Dan moeten we hier terugkomen met de mededeling: er zijn onmogelijkheden ontstaan in A. het
verbreden van het plangebied, of er zijn onmogelijkheden ontstaan in verplaatsing, uitplaatsing van de
school in dat gebied. Als je daar tegenaan loopt, in de loop van dit proces, moetje op enig moment een
soort tussenbesluit, ik geloof dat de fractie van D66 dat zo genoemd heeft, kunnen nemen en zeggen:
dat stukje onderzoek hebben we gedaan, we lopen nu tegen een onmogelijkheid aan, overleg met de
raad dan wel raadscommissie of het verstandig is op deze wijze door te gaan. U moet een krediet in
deze vorm ook niet zien als de noodzakelijkheid om het geld allemaal uit te geven, maar om het
college de middelen te geven om het onderzoek te doen. En op het moment dat het daar tegen hobbels
aanloopt, dat ook aan te geven. Hetzelfde geldt voor het Dorpshuis. Het college heeft keer op keer, in
ieder geval ook in oude samenstellingen in de oude raad, aangegeven dat de functies die in het
Dorpshuis zitten, bibliotheek, ontmoetingsruimte, toneel, van vitaal belang zijn voor Soesterberg.
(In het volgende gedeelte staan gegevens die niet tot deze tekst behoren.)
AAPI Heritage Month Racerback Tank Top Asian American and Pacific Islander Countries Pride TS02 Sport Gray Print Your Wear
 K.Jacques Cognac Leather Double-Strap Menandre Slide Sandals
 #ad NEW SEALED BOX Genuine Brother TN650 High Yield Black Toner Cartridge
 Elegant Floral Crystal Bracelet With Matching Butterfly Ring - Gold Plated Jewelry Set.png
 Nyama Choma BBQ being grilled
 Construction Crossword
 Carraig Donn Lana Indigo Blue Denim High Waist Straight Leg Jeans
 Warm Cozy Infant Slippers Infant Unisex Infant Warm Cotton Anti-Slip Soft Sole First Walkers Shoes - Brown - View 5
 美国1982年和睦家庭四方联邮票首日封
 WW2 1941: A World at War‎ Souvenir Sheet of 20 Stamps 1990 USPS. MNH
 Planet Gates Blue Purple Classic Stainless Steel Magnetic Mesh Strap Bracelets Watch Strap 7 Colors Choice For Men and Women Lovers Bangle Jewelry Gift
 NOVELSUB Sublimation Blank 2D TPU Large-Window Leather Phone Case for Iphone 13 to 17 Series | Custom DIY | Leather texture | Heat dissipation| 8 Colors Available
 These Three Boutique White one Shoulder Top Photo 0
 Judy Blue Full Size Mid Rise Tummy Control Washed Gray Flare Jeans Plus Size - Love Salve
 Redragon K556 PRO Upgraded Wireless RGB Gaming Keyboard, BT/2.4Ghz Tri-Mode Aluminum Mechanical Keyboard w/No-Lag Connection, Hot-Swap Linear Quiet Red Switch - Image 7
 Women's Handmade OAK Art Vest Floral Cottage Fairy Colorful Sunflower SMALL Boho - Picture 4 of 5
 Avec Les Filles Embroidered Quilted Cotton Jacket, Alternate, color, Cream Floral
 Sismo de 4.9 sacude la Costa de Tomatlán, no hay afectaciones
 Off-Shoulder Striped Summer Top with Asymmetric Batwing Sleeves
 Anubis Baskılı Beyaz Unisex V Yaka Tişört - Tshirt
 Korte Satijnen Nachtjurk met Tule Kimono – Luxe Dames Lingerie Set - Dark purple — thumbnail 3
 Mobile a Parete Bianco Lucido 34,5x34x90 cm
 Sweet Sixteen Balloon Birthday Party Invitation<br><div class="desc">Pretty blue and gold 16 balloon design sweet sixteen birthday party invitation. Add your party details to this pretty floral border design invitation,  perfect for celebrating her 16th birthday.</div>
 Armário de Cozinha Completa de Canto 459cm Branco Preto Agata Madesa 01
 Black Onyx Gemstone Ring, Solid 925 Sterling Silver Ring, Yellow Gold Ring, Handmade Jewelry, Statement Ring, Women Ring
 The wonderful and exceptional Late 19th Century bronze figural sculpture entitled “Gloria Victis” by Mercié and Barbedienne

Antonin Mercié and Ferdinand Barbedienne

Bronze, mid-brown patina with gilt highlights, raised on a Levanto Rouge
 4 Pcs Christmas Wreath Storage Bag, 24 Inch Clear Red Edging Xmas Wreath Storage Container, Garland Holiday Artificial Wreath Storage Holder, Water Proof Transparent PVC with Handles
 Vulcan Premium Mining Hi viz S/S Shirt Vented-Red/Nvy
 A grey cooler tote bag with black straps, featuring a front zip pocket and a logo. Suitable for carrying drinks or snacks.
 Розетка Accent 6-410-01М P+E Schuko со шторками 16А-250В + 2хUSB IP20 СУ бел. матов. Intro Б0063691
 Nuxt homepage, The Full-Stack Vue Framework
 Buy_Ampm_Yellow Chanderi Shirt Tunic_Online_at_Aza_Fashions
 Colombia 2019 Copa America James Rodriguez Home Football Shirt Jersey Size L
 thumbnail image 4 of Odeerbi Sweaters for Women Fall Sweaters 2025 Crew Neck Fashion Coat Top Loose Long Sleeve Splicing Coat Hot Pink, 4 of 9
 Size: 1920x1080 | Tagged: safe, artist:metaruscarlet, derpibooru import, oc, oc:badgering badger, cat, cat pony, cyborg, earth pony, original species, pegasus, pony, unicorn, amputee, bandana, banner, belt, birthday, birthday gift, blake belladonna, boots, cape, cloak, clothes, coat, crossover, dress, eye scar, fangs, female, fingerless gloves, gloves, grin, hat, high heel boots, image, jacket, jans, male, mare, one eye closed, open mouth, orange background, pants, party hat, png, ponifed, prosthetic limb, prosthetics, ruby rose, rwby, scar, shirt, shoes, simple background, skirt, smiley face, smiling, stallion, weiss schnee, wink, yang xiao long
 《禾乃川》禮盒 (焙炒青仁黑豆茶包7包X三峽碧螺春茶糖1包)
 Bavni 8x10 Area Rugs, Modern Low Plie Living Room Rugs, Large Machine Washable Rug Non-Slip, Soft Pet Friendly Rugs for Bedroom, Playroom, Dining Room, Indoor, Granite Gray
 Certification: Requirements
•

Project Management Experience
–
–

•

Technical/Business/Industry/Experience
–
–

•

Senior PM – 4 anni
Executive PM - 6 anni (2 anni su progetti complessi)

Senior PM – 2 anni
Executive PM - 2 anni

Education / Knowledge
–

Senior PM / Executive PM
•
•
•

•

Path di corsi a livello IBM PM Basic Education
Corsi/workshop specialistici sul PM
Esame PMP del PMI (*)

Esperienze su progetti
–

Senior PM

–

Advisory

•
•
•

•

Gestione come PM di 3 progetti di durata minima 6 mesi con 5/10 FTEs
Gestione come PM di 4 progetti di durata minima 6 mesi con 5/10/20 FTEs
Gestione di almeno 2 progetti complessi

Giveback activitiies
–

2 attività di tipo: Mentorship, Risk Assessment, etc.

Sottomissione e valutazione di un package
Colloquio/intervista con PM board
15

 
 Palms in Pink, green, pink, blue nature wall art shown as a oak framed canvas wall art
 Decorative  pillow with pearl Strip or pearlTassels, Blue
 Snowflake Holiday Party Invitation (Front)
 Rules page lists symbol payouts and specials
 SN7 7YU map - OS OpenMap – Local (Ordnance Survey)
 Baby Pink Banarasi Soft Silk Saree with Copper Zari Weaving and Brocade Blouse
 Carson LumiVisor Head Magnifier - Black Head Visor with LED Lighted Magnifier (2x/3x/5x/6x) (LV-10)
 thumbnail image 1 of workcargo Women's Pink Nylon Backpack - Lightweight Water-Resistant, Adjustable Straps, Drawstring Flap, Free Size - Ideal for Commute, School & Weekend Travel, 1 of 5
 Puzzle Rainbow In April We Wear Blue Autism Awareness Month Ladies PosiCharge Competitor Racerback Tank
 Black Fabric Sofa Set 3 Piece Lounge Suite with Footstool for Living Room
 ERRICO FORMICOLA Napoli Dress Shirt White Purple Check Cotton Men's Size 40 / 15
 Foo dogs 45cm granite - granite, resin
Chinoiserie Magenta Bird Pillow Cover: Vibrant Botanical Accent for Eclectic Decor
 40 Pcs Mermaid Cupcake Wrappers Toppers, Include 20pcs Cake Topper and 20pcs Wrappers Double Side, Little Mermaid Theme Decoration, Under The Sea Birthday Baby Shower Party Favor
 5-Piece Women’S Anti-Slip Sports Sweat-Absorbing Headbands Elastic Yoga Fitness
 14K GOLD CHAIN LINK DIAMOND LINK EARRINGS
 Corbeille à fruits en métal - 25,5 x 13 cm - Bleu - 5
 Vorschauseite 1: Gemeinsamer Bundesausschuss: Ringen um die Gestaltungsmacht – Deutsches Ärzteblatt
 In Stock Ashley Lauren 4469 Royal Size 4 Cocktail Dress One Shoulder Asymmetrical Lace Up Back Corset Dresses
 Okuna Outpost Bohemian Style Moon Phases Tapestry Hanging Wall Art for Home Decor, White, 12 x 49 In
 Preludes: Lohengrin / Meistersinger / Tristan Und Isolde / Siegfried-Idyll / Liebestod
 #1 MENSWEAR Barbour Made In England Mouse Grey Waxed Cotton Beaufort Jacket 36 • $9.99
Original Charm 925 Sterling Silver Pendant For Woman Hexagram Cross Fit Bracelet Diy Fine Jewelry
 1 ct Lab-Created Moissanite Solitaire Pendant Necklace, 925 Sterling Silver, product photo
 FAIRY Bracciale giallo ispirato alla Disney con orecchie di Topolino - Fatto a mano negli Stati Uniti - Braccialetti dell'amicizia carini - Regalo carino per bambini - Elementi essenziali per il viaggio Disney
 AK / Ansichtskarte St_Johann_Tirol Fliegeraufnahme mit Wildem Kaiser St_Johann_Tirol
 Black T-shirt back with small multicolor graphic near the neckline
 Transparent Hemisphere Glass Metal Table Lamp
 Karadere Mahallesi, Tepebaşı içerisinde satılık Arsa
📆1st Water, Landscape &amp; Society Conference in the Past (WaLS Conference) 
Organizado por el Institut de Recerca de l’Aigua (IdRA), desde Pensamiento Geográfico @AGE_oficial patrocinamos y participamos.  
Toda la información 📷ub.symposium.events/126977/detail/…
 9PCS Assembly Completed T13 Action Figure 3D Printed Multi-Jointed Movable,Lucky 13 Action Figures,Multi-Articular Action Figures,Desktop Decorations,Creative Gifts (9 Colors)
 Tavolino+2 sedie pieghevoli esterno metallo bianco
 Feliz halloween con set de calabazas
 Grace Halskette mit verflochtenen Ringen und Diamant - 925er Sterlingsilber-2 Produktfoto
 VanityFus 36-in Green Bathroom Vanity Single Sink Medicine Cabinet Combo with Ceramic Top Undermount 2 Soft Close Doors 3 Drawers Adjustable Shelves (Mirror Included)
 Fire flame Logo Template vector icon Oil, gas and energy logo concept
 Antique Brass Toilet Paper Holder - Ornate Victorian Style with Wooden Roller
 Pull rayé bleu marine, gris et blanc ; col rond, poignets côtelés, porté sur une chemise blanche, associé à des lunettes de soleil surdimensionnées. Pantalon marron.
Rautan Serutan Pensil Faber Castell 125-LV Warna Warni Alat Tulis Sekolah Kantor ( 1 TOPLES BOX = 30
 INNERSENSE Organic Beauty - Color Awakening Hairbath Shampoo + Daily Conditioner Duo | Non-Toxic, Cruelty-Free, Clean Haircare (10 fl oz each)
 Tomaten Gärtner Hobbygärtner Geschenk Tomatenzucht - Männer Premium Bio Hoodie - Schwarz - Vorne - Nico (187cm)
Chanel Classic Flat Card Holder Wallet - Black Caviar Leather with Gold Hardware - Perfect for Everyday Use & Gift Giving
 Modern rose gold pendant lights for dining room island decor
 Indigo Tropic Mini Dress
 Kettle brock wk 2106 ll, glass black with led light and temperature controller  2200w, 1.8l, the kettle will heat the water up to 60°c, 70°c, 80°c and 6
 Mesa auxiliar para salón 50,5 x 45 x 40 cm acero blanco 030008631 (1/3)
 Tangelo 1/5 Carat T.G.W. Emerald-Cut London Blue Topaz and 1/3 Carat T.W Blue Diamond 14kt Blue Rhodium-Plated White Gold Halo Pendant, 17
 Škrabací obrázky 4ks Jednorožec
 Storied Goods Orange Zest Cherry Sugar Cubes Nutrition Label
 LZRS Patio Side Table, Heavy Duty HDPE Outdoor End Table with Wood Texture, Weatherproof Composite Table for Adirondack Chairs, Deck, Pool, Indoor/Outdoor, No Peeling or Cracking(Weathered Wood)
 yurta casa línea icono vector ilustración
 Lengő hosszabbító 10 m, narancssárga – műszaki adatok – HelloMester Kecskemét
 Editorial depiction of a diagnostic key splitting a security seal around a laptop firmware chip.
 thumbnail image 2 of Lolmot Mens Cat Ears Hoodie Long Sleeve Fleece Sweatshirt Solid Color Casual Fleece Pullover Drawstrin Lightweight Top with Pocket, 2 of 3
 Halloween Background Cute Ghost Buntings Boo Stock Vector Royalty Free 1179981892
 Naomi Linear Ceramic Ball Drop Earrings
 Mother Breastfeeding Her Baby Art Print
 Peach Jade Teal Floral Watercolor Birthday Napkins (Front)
Maar daarmee is het gebouw, en positie van dit gebouw, niet van vitaal belang voor de ontwikkeling
van dit Dorpsplein. Want je kunt dat best op een andere manier organiseren, op een andere manier
neerzetten, op andere plekken in Soesterberg organiseren, die misschien wel veel en veel logischer
zijn. En daarmee moeten we dus ook helder hebben dat het Dorpshuis als gebouw niet per definitie
moet blijven staan, maar dat er functies in zitten die het hele gemeentebestuur, en ik mag ook
aannemen de hele gemeenteraad van Soest, van vitaal belang vinden voor de herontwikkeling van
Soesterberg. Ik denk, voorzitter, dat ik daarmee een zo kort mogelijk antwoord heb gegeven op alle
vragen die er door de fracties gesteld zijn.
Heer ROEST (D66): Voorzitter, met de uitleg van de wethouder die erop neerkomt dat er eigenlijk een
soort verschotting in het krediet zit, zodat hij in eerste instantie ook gaat zoeken: hoe zit het met de
verbreding plangebied en verplaatsing van de school, daar kan ik mee uitkomen. Dus onder
voorwaarden kunnen wij dus instemmen met het krediet.
VOORZITTER: Dat is mooi. Dan kan de conclusie zijn dat de raad unaniem instemt met het voorstel.
Het voorstel (RV 02-32) wordt unaniem aangenomen, met de kanttekening dat de heer Nijhoff geacht
wil worden niet aan de beraadslaging en besluitvorming te hebben deelgenomen.